◆ Task statement: Apart from the pictures, print the data below exactly as given.

◆ Data segment:
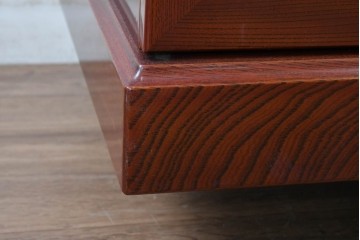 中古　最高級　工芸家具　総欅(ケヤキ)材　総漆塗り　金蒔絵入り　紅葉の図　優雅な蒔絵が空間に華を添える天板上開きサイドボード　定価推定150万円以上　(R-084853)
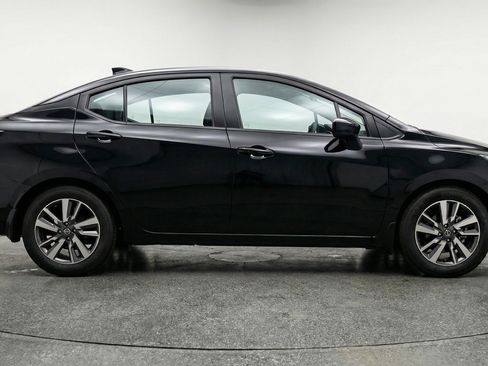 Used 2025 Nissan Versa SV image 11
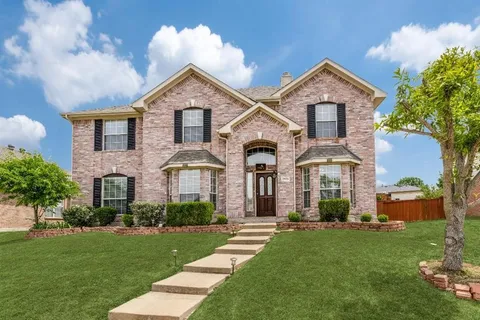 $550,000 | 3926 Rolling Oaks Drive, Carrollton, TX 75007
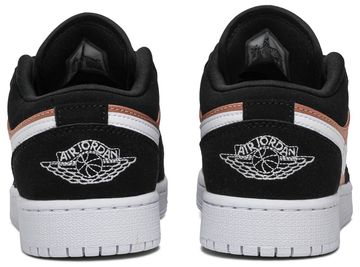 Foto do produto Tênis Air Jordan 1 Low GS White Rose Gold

◆ Exercise result:
 中古　最高級　工芸家具　総欅(ケヤキ)材　総漆塗り　金蒔絵入り　紅葉の図　優雅な蒔絵が空間に華を添える天板上開きサイドボード　定価推定150万円以上　(R-084853)
 Used 2025 Nissan Versa SV image 11
 $550,000 | 3926 Rolling Oaks Drive, Carrollton, TX 75007
 Foto do produto Tênis Air Jordan 1 Low GS White Rose Gold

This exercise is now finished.